Re: Standby got invalid primary checkpoint after crashed right after promoted. - Mailing list pgsql-hackers

From hao harry
Subject Re: Standby got invalid primary checkpoint after crashed right after promoted.
Date
Msg-id C8AD8B0B-7914-4D4A-96C3-B8CF724C51C2@outlook.com
Whole thread Raw
In response to Standby got invalid primary checkpoint after crashed right after promoted.  (hao harry <harry-hao@outlook.com>)
Responses Re: Standby got invalid primary checkpoint after crashed right after promoted.  (Kyotaro Horiguchi <horikyota.ntt@gmail.com>)
List pgsql-hackers
Found this issue is duplicated to [1], after applied that patch, I cannot reproduce it anymore.
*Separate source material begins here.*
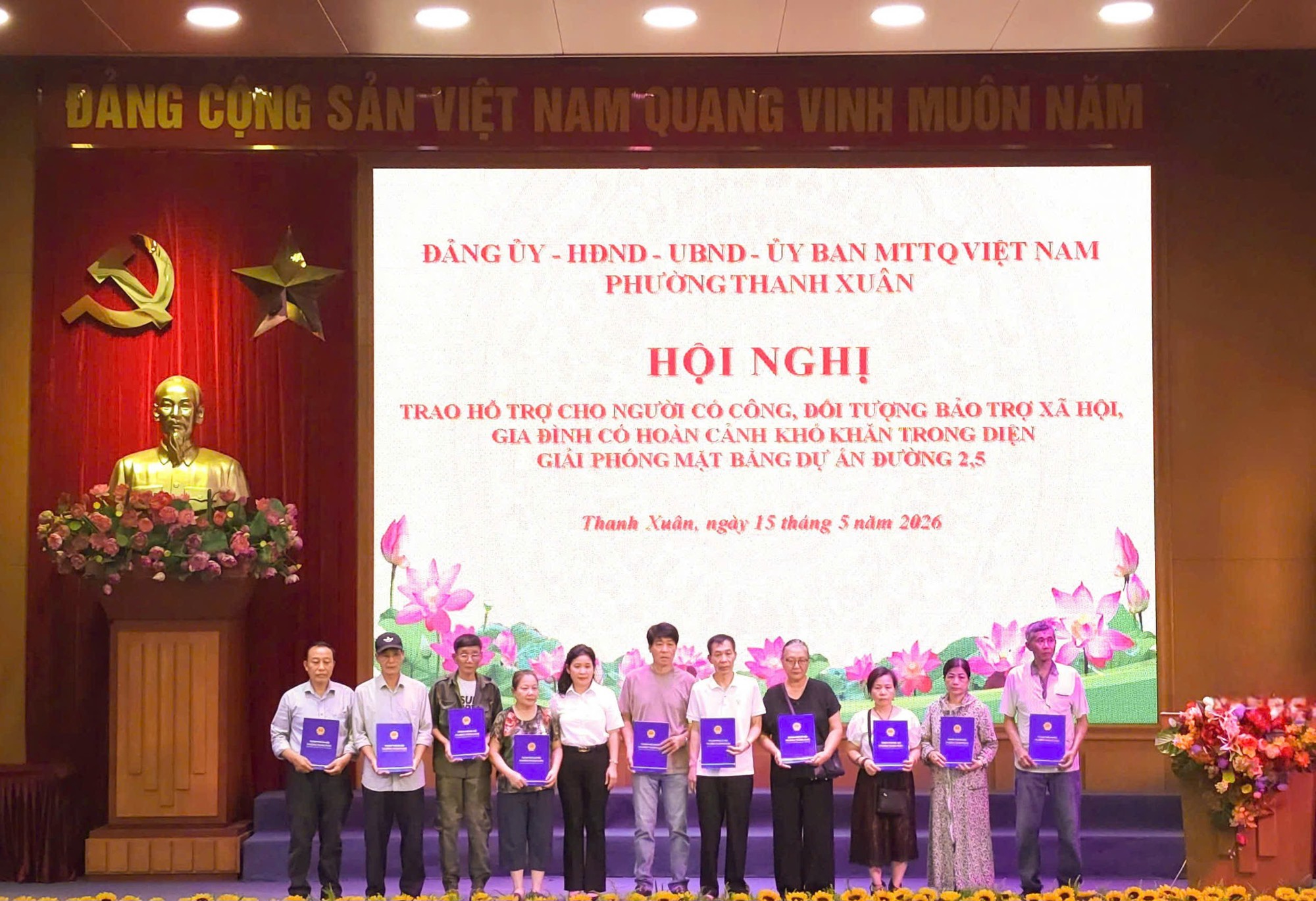Dấu ấn quyết tâm và đồng thuận trong GPMB Vành đai 2,5 tại Thanh Xuân- Ảnh 4.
2022年3月16日 下午3:16,hao harry <harry-hao@outlook.com> 写道:

Hi, pgsql-hackers,

I think I found a case that database is not recoverable, would you please give a look?

Here is how it happens:

- setup primary/standby
- do a lots INSERT at primary
- create a checkpoint at primary
- wait until standby start doing restart point, it take about 3mins syncing buffers to complete
- before the restart point update ControlFile, promote the standby, that changed ControlFile
 ->state to DB_IN_PRODUCTION, this will skip update to ControlFile, leaving the ControlFile
 ->checkPoint pointing to a removed file
- before the promoted standby request the post-recovery checkpoint (fast promoted),
 one backend crashed, it will kill other server process, so the post-recovery checkpoint skipped
- the database restart startup process, which report: "could not locate a valid checkpoint record"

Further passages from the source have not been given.